The very conditions which so greatly increased their chances of avalanche seemed to be conspiring to tremendously reduce their chances of sticking around long enough to find themselves in danger from a slide, and Kilgore, gritting his teeth against the wind, kicked at the slick, icy surface with the heel of his boot, making little headway. Needed a shovel, an ice ax, something with which to dig, and he wished the agents had not abandoned all such devices back at the slide site when they’d begun following the fugitives’ trail up the slope. Now the tools were drifted over or in the process of being so. Bud couldn’t tell, the way the snow was blowing. Couldn’t see much of anything, entire world beyond the nearest trees a maelstrom of icy whiteness. Had to have one of those shovels, and in a hurry; darkness was coming.
Rising from the chilled huddle into which each of them had settled, he braced himself, started off in search of the abandoned tools. Shirley stopped him with a shout, voice just bit too high, sounding near panic.
“Where’re you going, Kilgore?”
“Get a shovel.” Bud had to shout his answer in order to be heard over the wind. “Got to dig in, here. Get out of the wind. Wind’s gonna kill us. Need a shovel.”
Shirley was on his feet, arm all wrapped up in the flexible twists of a fir branch as if to prevent himself being torn away by the wind and sent tumbling down the slope below; a real danger. “You’ll stay with the group. Not having the group split up.”
“Then you’re all coming with me, because we’ve got to have that shovel. Snow’s all icy. Too hard to dig by hand.”
“We don’t have to dig. Can shelter under these emergency blankets until the wind slows.
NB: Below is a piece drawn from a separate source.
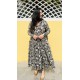Black Creme Manmohini Kurti Black Creme Manmohini Kurti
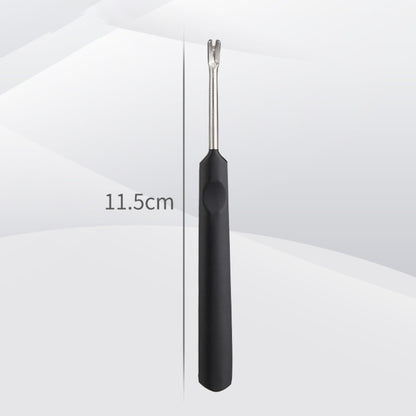 Professional V Shape Nail Cuticle Pushers Barb Dead Skin Fork Remover Toenail Pedicure Nail Care To 9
Now sit back down. Nobody is going anywhere.”
Shaking his head and turning his back on the shouting agent, Bud started off down the slope, bending his head into the wind. A sudden metallic clanking stopped him in his tracks, and when he whirled around in search of its source, it was to find Shirley no more than two feet behind him, still clinging with one hand to his anchor-tree, service pistol in the other, and it was aimed directly at Bud’s head.
“Sit back down, Kilgore. I don’t know what you’re up to, but don’t trust your intentions. You’ll stay with us, until this storm clears.”
“You’ll all freeze in this wind and die…”
But Shirley clearly did not believe him, gesturing impatiently with the pistol.